Bon, on avait passé l'heure suivante à essayer de sauver les meubles... A moitié en larmes, à moitié en fou rire, on a essayé de discuter avec nos crush respectifs pour s'expliquer, et gérer la situation. Mais bon, on était si saoûles que ça n'avait pas beaucoup de sens. On s'en est vite rendues compte et on a dit aux garçons qu'on reprendrai la conversation le lendemain matin quand on fonctionnerai à l'eau plutôt qu'au rhum. On s'est effrondrées l'une sur l'autre en s'asseyant dans les marches de l'escalier de la boite avec de la mauvaise bière pour se consoler mutuellement, répétant inlassablement que "la vie est une pute". Pas mon moment le plus subtil... Mais pour ma défense, entre l'alcool, ma bêtise, et le rateau, j'avais de quoi être grossière.
"- On a pas laissé ça nous abattre trop longtemps. Pour se faire passer la peine on a pleuré un bon coup et on est retournées danser ! Je l'ai jamais revue cette fille, on n'a pas échangé nos numéros, mais j'ai un super souvenir d'elle."
Je me demande si elle a pu regarder son prof en face à leur cour suivant. Moi, j'aurais pas pu. Je ne serais même pas venue.

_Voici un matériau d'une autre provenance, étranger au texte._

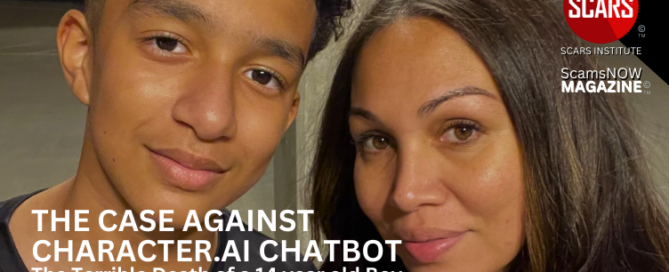 The Case Against Character.AI Chatbot and the Terrible Death of a 14 year old Boy - Chatbots Part 4 - 2024 - on SCARS Institute ScamsNOW.com - The Magazine of Scams Fraud and Cybercrime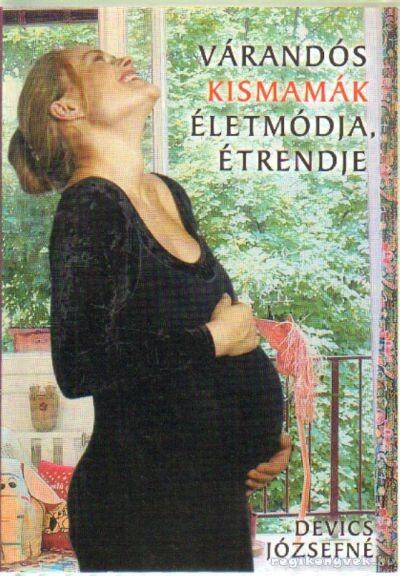 Devics Józsefné - Várandós kismamák életmódja, étrendje Devics Józsefné - Várandós kismamák életmódja, étrendje, Tiszakécske 2004 antikvár könyv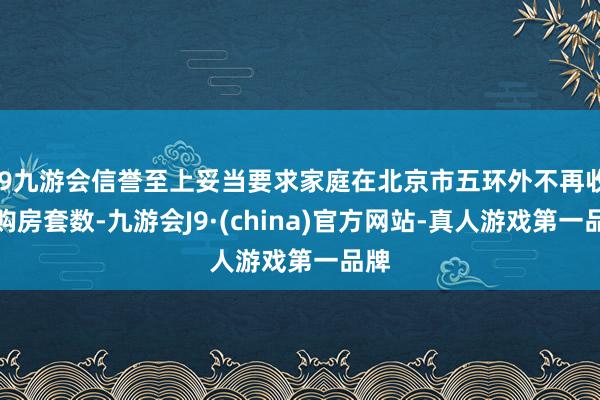 j9九游会信誉至上妥当要求家庭在北京市五环外不再收尾购房套数-九游会J9·(china)官方网站-真人游戏第一品牌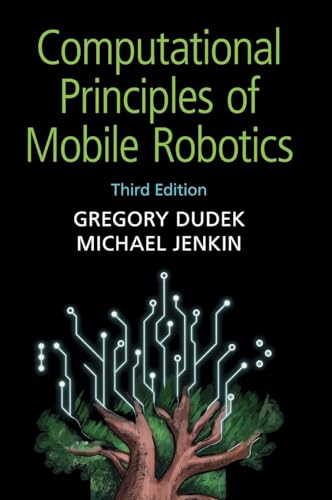 Computational Principles of Mobile Robotics von Cambridge University Press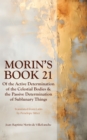 Image for Morin&#39;s Book 21 : Of the Active Determination of the Celestial Bodies &amp; the Passive Determination of Sublunary Things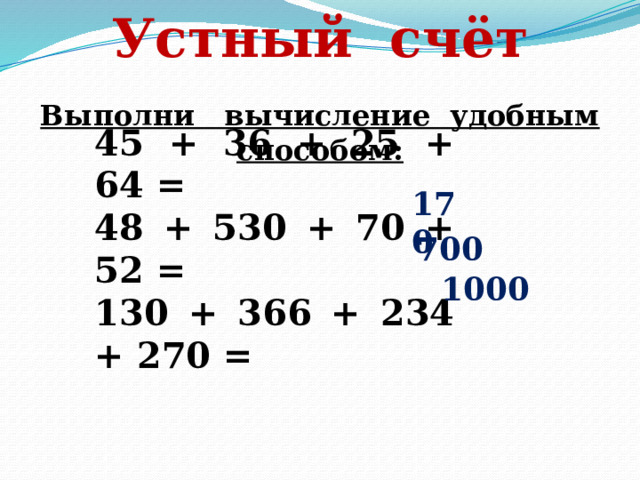 Устный счёт Выполни вычисление удобным способом: 45 + 36 + 25 + 64 = 48 + 530 + 70 + 52 = 130 + 366 + 234 + 270 = 170 700  1000  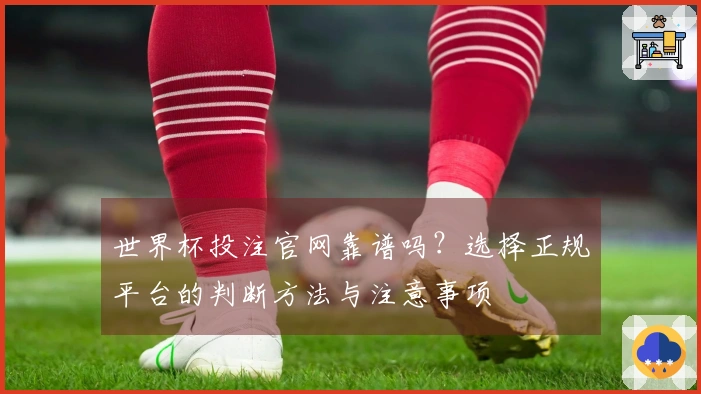 世界杯投注官网靠谱吗？选择正规平台的判断方法与注意事项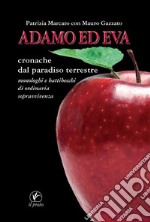 Adamo ed EvaCronache dal paradiso terrestre. Monologhi e battibecchi di ordinaria sopravvivenza. E-book. Formato Mobipocket ebook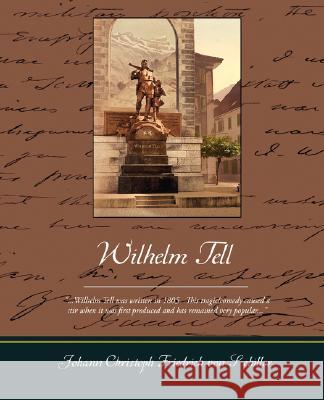 Wilhelm Tell Schiller Johann Christoph Friedric 9781605975498 STANDARD PUBLICATIONS, INC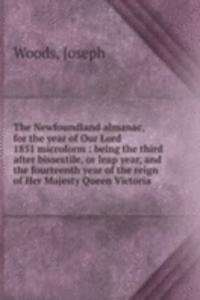 Newfoundland almanac, for the year of Our Lord 1851 microform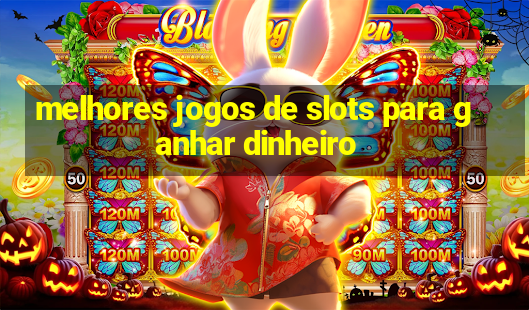 melhores jogos de slots para ganhar dinheiro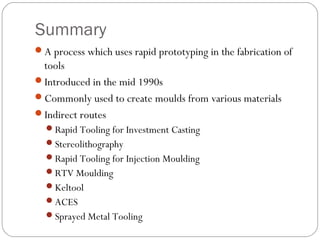 Summary
A process which uses rapid prototyping in the fabrication of
tools
Introduced in the mid 1990s
Commonly used to create moulds from various materials
Indirect routes
Rapid Tooling for Investment Casting
Stereolithography
Rapid Tooling for Injection Moulding
RTV Moulding
Keltool
ACES
Sprayed Metal Tooling
 
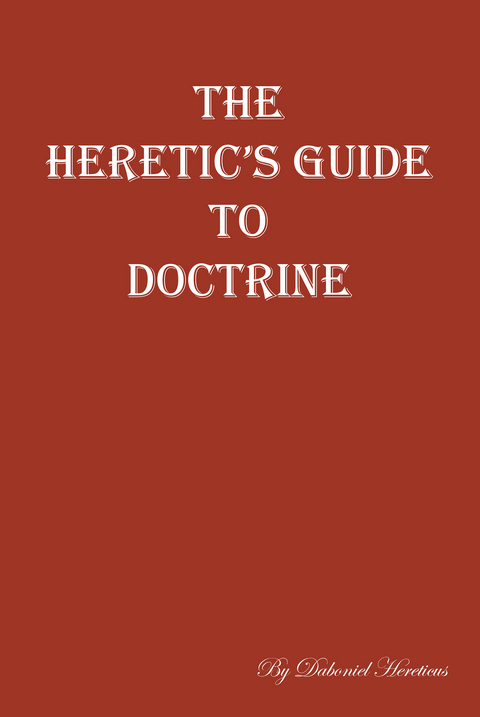Heretic's Guide to Doctrine -  Daboniel Hereticus
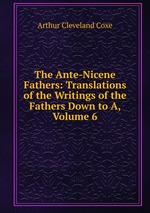 The Ante-Nicene Fathers: Translations of the Writings of the Fathers Down to A, Volume 6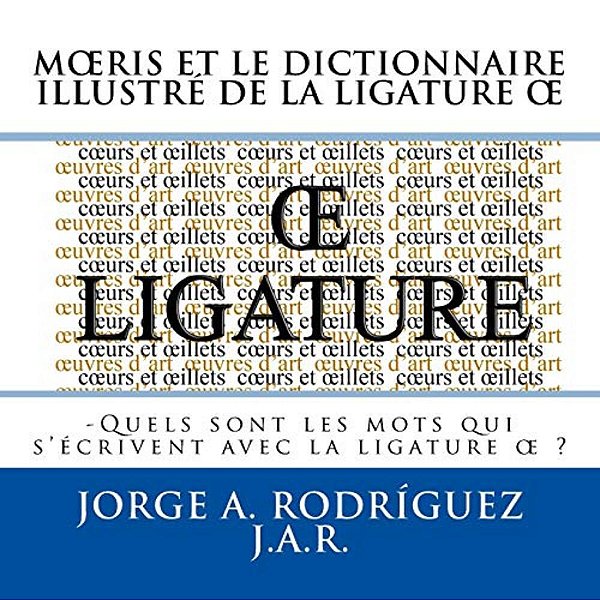 Moeris Et Le Dictionnaire Illustre De La Ligature Oe: -Quels Sont Les Mots Qui S'Écrivent Avec La Ligature Oe-..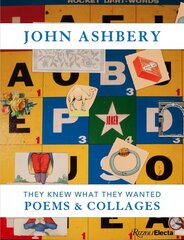 John Ashbery: They Knew What They Wanted: Collages and Poems цена и информация | Поэзия | kaup24.ee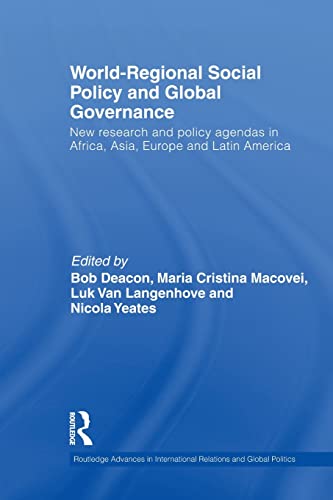 Imagen de archivo de World-Regional Social Policy and Global Governance: New Research and Policy Agendas in Africa, Asia, Europe and Latin America a la venta por Blackwell's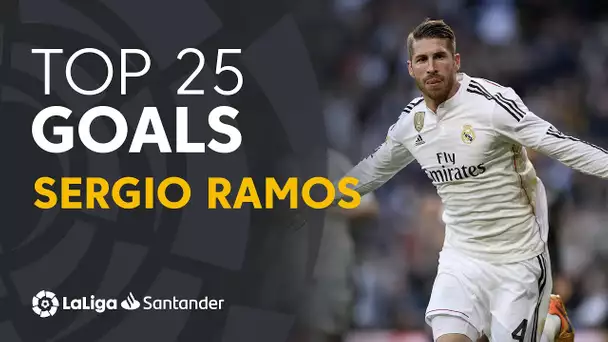 TOP 25 GOALS Sergio Ramos en LaLiga Santander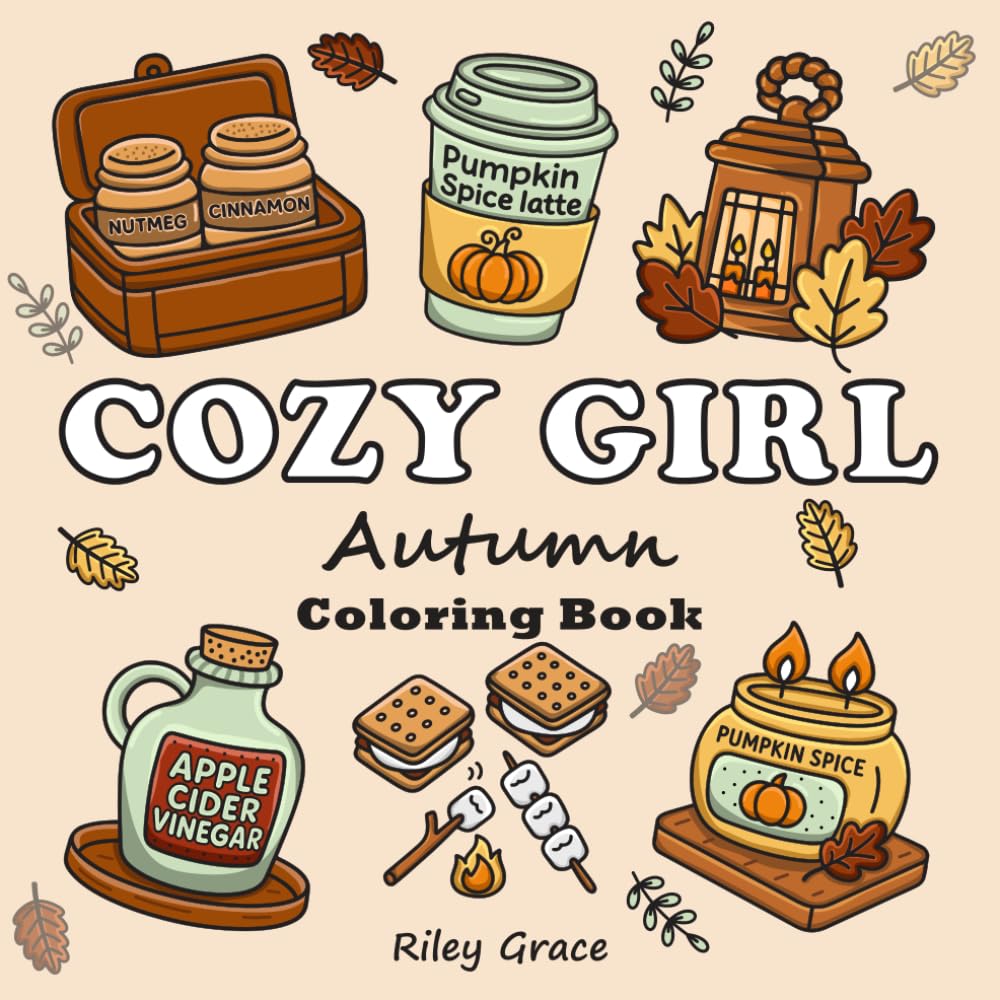 Cozy Girl Autumn Coloring Book: Bold and Easy Designs for Teens and Adults, Cute and Simple Illustrations for relaxation, Fun and Stress Relief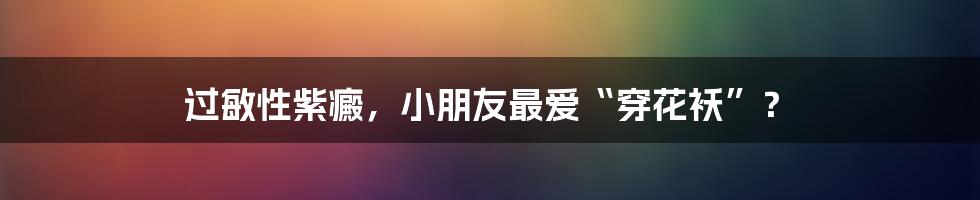 过敏性紫癜，小朋友最爱“穿花袄”？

Mais elle paraissait être quelqu'un de bien plus courageux que moi... Je me surprends quelquefois à imaginer qu'elle aurait eu la force d'y aller, qu'elle se serait peut-être battue pour cette relation, et que les choses faisant, il aurait fini par s'éprire d'elle lui aussi. Un beau roman en somme, mais peu probable. Quoi qu'il en soit, j'espère qu'elle a rencontré quelqu'un qui prenne soin d'elle et qui l'aime à sa juste valeur.
"- Qu'est-ce qu'il s'est passé le lendemain matin ? Vous avez pu parler avec Florian ?"
Madame Monier semble à la fois curieuse d'avoir la suite de mon histoire, et inquiète. Je ne lui ai jamais parlé de lui : elle s'imagine peut-être qu'il ne fait plus parti de ma vie et que j'avais eu raison de craindre que notre amitié s'éteigne si je lui avouais tout. C'est une peur légitime à mon sens, une qui m'avait saisi au ventre dès le réveil. C'est une boule que j'ai dabord confondue avec celle de la gueule de bois. Mais après avoir vidé mes tripes et bu un grand verre d'eau, j'ai bien compris que c'était l'angoisse plus que la cuite qui me rendait malade. Mes tympans hurlaient à la mort, entre les bruits parasites, les voix qui hurlaient, le stress et le simple mal de crâne, j'ai cru que ma tête allait éclater.
"- J'étais pas en état de tenir une conversation, j'avais trop mal et trop peur. Et puis, on était vendredi matin, fallait que j'aille en cours !
- Dans votre état ?
- Dans mon état, oui. Gavée de médocs par contre. Je suis allée à mon amphi de dix heure à midi, et j'ai échangé avec lui à l'heure du déjeuner. Je n'avais qu'une heure de pause."
Juste assez de temps pour qu'on puisse parler. Juste trop peu de temps pour m'offrir une échappatoire.